Your task is to repeat exactly the lines below between the line holding "2011 Lincoln MKZ" and the line holding "SIT 179 - Hisuian", inclusive, and only those.

━━━━━━

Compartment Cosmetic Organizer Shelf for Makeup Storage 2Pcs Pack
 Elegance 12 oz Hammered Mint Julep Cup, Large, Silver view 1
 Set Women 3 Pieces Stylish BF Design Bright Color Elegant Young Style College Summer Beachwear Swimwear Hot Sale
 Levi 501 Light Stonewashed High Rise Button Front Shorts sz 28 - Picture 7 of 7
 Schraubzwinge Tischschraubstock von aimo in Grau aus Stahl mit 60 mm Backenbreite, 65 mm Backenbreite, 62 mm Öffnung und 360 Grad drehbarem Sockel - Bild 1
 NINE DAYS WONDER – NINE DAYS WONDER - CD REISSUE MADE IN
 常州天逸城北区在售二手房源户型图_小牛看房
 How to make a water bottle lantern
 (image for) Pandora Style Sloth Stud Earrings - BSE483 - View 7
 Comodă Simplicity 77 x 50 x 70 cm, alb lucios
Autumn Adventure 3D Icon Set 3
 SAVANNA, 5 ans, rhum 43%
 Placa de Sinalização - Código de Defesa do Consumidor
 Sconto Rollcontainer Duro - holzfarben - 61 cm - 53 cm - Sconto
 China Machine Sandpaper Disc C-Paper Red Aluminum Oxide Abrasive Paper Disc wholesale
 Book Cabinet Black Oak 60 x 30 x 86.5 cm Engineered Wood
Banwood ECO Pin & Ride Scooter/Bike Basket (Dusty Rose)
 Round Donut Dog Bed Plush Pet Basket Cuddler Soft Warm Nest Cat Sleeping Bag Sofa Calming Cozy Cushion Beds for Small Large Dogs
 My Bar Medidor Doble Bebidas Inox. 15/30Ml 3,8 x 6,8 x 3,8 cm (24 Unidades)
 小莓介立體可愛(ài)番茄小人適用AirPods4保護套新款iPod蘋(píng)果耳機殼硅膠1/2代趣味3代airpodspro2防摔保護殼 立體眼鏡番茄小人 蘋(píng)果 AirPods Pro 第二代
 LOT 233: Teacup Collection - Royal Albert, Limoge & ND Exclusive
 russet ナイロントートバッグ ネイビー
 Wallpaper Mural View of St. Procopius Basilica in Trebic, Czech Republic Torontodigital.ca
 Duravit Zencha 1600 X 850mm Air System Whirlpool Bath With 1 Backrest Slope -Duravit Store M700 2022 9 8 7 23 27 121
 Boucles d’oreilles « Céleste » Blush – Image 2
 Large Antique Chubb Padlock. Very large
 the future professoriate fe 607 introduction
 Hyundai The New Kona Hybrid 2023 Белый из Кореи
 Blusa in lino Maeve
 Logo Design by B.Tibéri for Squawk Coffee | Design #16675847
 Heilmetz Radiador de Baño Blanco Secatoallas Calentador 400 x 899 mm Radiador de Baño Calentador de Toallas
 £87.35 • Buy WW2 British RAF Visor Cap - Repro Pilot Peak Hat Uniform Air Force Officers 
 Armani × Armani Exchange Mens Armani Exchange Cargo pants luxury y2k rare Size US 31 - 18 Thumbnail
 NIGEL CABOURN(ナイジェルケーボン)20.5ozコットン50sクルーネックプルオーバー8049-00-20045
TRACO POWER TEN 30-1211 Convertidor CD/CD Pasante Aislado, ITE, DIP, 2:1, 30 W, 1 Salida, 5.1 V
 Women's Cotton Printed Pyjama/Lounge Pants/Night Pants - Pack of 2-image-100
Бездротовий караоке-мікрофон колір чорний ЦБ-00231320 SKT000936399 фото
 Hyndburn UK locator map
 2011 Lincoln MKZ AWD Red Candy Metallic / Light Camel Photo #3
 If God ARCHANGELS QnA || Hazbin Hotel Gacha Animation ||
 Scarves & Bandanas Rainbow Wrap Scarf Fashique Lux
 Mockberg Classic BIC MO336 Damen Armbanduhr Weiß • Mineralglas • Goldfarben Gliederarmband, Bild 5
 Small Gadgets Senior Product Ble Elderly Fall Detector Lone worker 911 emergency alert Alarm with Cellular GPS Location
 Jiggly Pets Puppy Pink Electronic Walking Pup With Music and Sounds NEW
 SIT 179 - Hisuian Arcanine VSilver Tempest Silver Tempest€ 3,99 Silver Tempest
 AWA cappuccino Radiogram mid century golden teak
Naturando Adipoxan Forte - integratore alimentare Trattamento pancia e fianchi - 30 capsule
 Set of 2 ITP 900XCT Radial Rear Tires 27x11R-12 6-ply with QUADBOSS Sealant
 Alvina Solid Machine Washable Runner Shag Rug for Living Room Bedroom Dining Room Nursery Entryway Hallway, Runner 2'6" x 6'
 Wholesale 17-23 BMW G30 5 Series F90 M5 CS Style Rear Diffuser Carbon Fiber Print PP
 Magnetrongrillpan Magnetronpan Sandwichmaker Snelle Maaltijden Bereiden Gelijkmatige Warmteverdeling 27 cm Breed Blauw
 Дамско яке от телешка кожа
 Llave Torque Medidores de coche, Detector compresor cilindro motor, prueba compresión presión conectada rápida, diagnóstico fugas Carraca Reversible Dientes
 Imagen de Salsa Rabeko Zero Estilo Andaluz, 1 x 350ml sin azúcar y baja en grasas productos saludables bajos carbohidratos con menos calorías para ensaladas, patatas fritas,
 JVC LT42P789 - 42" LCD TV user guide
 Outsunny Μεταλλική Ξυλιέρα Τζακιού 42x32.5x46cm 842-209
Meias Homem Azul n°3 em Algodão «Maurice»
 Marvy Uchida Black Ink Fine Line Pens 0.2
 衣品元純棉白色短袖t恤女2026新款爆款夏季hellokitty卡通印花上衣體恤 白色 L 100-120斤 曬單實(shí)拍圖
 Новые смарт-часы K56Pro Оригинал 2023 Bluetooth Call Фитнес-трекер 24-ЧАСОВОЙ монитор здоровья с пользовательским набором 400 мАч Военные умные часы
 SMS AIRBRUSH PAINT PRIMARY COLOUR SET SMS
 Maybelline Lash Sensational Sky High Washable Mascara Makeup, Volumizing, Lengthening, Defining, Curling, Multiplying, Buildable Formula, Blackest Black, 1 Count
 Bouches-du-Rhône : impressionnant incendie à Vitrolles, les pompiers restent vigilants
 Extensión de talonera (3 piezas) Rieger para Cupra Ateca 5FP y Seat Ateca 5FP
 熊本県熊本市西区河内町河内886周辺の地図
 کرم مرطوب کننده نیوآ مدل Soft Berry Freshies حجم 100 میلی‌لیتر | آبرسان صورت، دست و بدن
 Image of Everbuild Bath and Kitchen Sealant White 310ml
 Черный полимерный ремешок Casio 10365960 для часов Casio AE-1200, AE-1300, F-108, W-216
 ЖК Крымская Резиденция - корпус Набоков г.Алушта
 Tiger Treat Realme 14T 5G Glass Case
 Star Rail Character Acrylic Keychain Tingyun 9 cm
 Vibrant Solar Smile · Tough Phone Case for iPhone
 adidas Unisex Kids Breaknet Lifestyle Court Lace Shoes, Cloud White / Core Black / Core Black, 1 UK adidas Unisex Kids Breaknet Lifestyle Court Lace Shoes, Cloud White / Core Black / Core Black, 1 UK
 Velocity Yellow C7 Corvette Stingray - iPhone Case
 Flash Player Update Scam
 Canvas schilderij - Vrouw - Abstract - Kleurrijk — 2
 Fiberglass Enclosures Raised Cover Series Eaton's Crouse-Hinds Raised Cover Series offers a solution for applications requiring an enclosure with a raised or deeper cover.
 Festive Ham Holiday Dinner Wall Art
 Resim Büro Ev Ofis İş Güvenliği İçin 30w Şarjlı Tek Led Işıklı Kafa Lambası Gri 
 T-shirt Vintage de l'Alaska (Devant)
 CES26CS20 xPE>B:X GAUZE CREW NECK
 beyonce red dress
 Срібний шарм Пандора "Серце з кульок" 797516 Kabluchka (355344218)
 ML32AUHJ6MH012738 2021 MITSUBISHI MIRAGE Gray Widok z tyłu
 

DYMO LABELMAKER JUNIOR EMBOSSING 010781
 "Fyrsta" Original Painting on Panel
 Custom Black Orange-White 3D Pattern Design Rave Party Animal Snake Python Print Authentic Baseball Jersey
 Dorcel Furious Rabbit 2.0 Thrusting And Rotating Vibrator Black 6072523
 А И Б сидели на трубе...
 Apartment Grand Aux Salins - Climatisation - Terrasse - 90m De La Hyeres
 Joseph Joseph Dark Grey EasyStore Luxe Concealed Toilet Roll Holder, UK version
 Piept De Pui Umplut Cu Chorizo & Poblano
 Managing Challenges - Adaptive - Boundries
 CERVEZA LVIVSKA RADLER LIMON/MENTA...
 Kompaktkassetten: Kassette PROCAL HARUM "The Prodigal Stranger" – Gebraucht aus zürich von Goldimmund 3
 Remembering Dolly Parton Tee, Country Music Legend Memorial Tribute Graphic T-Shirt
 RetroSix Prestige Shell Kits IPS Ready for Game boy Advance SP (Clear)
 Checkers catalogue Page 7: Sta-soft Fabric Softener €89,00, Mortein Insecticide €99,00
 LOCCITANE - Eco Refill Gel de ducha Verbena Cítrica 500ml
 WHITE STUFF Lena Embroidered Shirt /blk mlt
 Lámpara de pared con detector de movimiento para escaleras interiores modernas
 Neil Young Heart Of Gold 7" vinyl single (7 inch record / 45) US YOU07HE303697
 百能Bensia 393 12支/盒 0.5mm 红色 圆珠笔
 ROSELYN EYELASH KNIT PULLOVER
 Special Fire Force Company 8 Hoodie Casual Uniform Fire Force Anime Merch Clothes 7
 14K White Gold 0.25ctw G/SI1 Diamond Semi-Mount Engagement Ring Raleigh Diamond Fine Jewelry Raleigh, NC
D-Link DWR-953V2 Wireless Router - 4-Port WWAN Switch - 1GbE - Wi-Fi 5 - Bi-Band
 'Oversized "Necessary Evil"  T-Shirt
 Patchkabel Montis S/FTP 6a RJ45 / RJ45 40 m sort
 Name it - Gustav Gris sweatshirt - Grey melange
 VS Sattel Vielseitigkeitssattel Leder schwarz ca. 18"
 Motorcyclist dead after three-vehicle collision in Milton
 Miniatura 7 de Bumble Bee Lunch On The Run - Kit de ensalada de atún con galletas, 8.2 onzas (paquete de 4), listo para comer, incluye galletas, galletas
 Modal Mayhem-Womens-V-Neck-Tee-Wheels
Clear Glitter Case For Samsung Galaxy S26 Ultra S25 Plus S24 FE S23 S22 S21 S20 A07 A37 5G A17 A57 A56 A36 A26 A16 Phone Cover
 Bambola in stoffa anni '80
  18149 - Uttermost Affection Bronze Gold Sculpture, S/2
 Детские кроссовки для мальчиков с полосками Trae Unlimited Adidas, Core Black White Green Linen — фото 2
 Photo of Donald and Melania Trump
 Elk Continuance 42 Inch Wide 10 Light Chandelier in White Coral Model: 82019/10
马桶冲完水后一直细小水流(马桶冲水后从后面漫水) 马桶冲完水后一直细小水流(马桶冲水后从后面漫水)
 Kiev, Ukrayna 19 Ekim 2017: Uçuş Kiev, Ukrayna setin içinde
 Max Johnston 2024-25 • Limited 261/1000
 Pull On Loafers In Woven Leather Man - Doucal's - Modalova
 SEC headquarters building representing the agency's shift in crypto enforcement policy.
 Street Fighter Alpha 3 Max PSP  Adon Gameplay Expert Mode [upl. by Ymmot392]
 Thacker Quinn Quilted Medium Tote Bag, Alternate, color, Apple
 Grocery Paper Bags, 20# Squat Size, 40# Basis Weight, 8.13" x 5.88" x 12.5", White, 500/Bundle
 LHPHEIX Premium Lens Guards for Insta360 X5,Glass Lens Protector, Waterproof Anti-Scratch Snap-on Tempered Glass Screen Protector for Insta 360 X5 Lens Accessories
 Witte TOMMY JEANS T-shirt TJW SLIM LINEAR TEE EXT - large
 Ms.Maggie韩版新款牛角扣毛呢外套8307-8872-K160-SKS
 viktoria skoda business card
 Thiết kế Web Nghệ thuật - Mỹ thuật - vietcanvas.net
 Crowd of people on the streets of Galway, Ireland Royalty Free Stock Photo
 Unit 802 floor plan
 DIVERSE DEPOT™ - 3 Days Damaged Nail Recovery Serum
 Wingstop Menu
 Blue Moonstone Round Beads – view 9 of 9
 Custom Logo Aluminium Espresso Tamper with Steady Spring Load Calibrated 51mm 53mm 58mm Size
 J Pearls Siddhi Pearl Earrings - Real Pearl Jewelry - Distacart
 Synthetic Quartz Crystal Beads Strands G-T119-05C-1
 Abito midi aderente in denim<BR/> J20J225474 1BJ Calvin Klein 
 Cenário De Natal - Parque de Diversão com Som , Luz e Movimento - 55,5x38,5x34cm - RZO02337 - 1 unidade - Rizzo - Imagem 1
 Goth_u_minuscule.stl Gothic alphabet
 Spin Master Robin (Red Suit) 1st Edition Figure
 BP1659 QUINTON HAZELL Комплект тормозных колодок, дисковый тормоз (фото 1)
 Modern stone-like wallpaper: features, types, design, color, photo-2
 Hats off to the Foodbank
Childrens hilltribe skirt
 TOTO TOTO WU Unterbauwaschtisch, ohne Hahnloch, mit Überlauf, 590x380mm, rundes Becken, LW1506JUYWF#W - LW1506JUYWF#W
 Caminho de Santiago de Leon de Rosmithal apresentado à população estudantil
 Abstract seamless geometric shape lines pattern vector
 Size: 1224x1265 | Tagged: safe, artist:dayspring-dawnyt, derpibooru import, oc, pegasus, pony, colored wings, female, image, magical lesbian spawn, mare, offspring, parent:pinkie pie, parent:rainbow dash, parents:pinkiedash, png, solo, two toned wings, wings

━━━━━━

▶ **Answer area**:
 2011 Lincoln MKZ AWD Red Candy Metallic / Light Camel Photo #3
 If God ARCHANGELS QnA || Hazbin Hotel Gacha Animation ||
 Scarves & Bandanas Rainbow Wrap Scarf Fashique Lux
 Mockberg Classic BIC MO336 Damen Armbanduhr Weiß • Mineralglas • Goldfarben Gliederarmband, Bild 5
 Small Gadgets Senior Product Ble Elderly Fall Detector Lone worker 911 emergency alert Alarm with Cellular GPS Location
 Jiggly Pets Puppy Pink Electronic Walking Pup With Music and Sounds NEW
 SIT 179 - Hisuian Arcanine VSilver Tempest Silver Tempest€ 3,99 Silver Tempest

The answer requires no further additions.